H applies for work at the armored car company, where he quickly impresses his trainer Bullet (Holt McCallany from Netflix’s “Manhunter” series). They work out of a modern and seemingly impenetrable security base. Josh Hartnett (Pearl Harbor) is back on the big screen as Boy Sweat Dave, a trigger happy guard. Scott Eastwood is excellent as Jan, the Alpha Male of the squad and Jeffrey Donovan (Sicario) brings menace as Jackson.

Before his first month is out, H is employee of the decade, single handedly taking down any and all that attempt to penetrate his vehicle. Statham is excellent in these moments, topping Liam Neeson’s “special set of skills” as he destroys any and all attackers.

Ritchie slowly unpeels the real reason H has taken on the job.

We begin to see different camera angles of the heist that opened the film and each one reveals more about H’s very personal mission of revenge.

Statham’s hate and grief is explosive when he has a weapon in his hand, but his moments with his ex-wife show a broken man out of words. He’s only got violence left in him and when it goes off, Ritchie (Lock Stock and Two Smoking Barrels, Snatch, The Gentlemen) stages the action with reliable style. He also makes great use of the Los Angeles locations, moving between the glitz of downtown and the grit of industrial LA.

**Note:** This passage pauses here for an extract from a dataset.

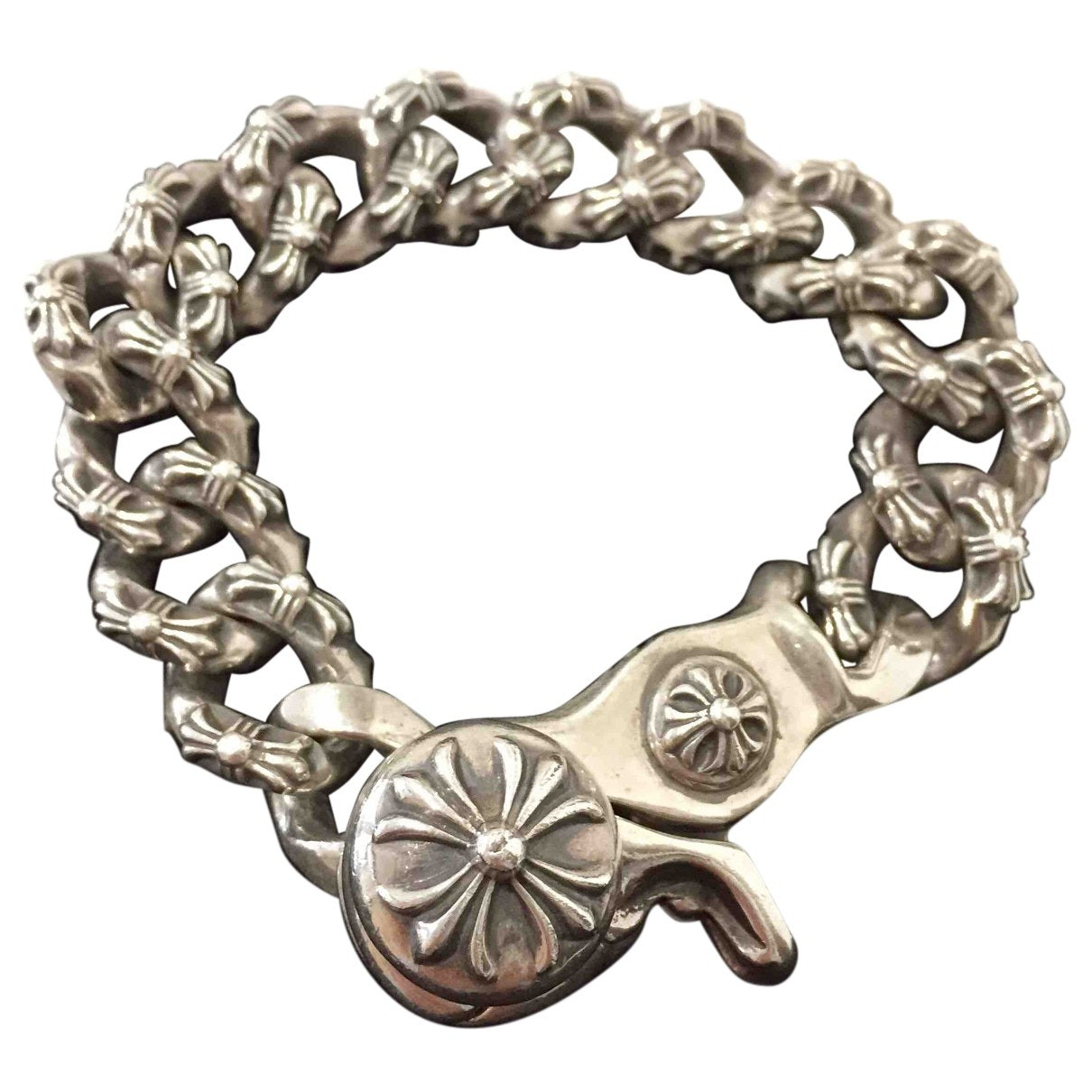 Chrome Hearts Bracelet
 Bracelet CHROME HEARTS argente en Argent Vestiaire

My only major complaint is that the dialogue in the first half hour of the film feels like it was written by aliens trying to imitate human behavior. The locker room talk is painfully bad. The screenplay credits five different writers, but maybe a sixth should have brought a red pen for all the “here’s how tough guys in America talk” floundering.

Less talk, more action.

When Ritchie sticks to that mantra, or keeps his camera focuses on Statham, McCallany, Eastwood and Donovan, it’s a thrilling blast.

WRATH OF MAN gets a B- teetering toward a C but kept above by sheer momentum and its satisfying finale.